Croup in Children's Throats
Aajonus described croup as a high-pitched cough preceded by a sore throat, generally affecting children under five, in which the cough is necessary to bring circulation to toxin-blocked tissue of the lungs, heart, and throat. His recommendations for croup included honey and butter mixed together to soothe the tissue and ease difficult breathing, smoothies and citrus fruits to cleanse the mucous membranes, and antibiotic-free and hormone-free raw chicken or turkey to strengthen and rebuild the affected tissue.
Tonsil Regrowth
Aajonus reported that his own left tonsil, removed when he was three years old, regrew when he was approximately 53 years old, fifty years after the removal. He described getting a terrible sore throat for a few days, looking in his throat with a flashlight, and finding the tonsil had returned. He identified this regrowth in the context of discussing what can and cannot regenerate in the body, noting that the tonsil was one of the few things that had actually regrown, unlike his vagus nerve, appendix, and pancreas. He also observed in consultations that some people who had tonsils removed appear to have regrown them or developed lymph glands that function so similarly to tonsils as to be nearly indistinguishable, with a characteristic folding pattern visible at the removal site and a corresponding mound developing on the same side.
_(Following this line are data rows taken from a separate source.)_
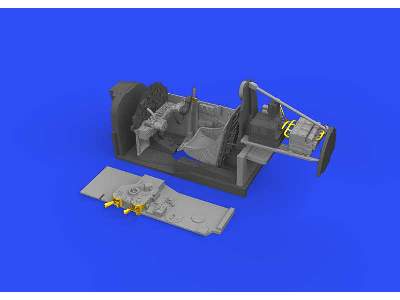 P-38F cockpit 1/48 - Tamiya - image 2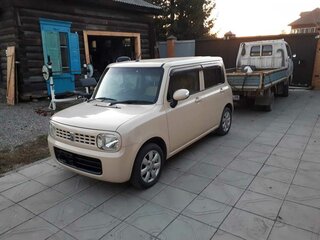 2009 Suzuki Alto Lapin II, белый, 450000 рублей, вид 2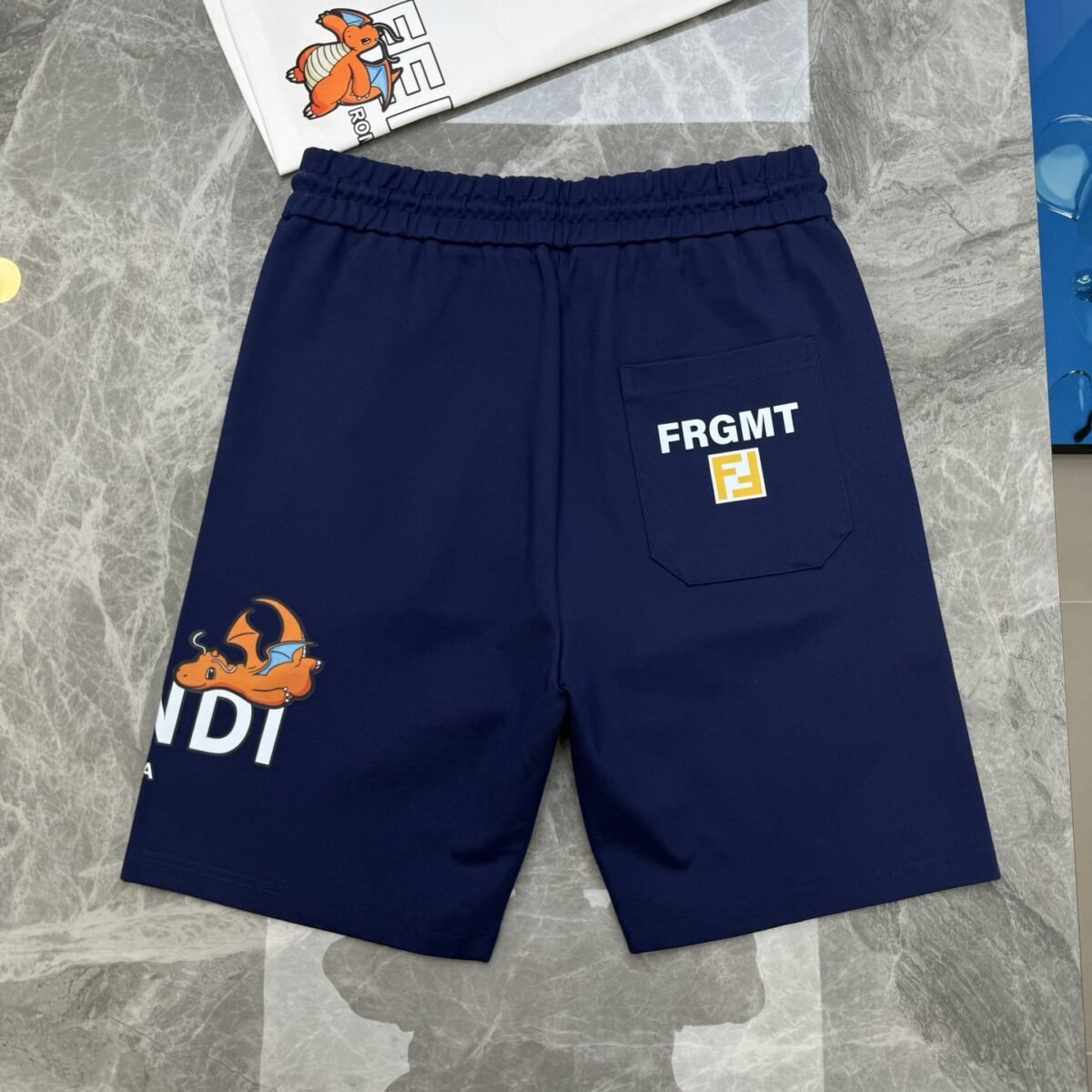 ⁦شورت فندي الجديد للربيع والصيف⁩ - الصورة ⁦7⁩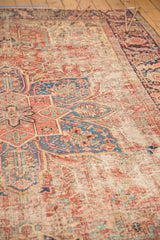  Vintage Ahar Heriz Carpet / Item ee003082 image 9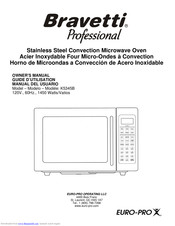 Euro-Pro Professional K5345B Owner's Manual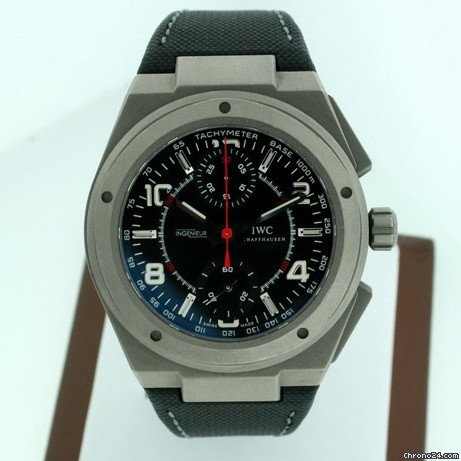 IWC Ingenieur AMG Chronograph IW3725-04 Pre-owned watches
The Throat Cheese Pulling Practice
Aajonus referenced cheese pulling as one of the practices for drawing toxins out of the oral and throat tissue. He described toxic cheese pulling and noted it as a method comparable to oil pulling but using cheese, which he considered cheaper and effective for drawing toxins out of the mouth area. This practice relates to the throat insofar as the oral cavity, gums, tongue, and salivary glands all discharge metals and toxins through the mucous membranes of the mouth and throat, and practices that pull toxins out of those surfaces reduce the burden on the deeper throat tissue.
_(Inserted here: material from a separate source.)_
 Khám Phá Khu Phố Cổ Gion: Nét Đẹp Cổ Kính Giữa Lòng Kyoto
Throat Detoxification Through the Skin
Aajonus connected the throat's glands directly to the skin as the primary exit route for toxins processed in the neck. Ninety percent of the waste that the lymph glands of the throat and neck neutralize is meant to exit through the skin. The glands absorb the waste, neutralize it, dissolve it, and deposit it in the connective tissue under the skin of the neck, where it is meant to be perspired out. When the skin and lymphatic system are congested, this normal exit route becomes blocked and the toxins back up, leading to greater visible swelling of the neck glands and more intense detoxification through the mucous membranes of the throat instead.
This is the rationale behind his recommendation of hot water bottles applied to the neck during strep throat and as a preventive measure during seasonal throat detoxification. The heat promotes perspiration through the neck skin, opening the preferred exit route and reducing the necessity for the body to push toxins out through the more symptomatic and painful mucous membrane route.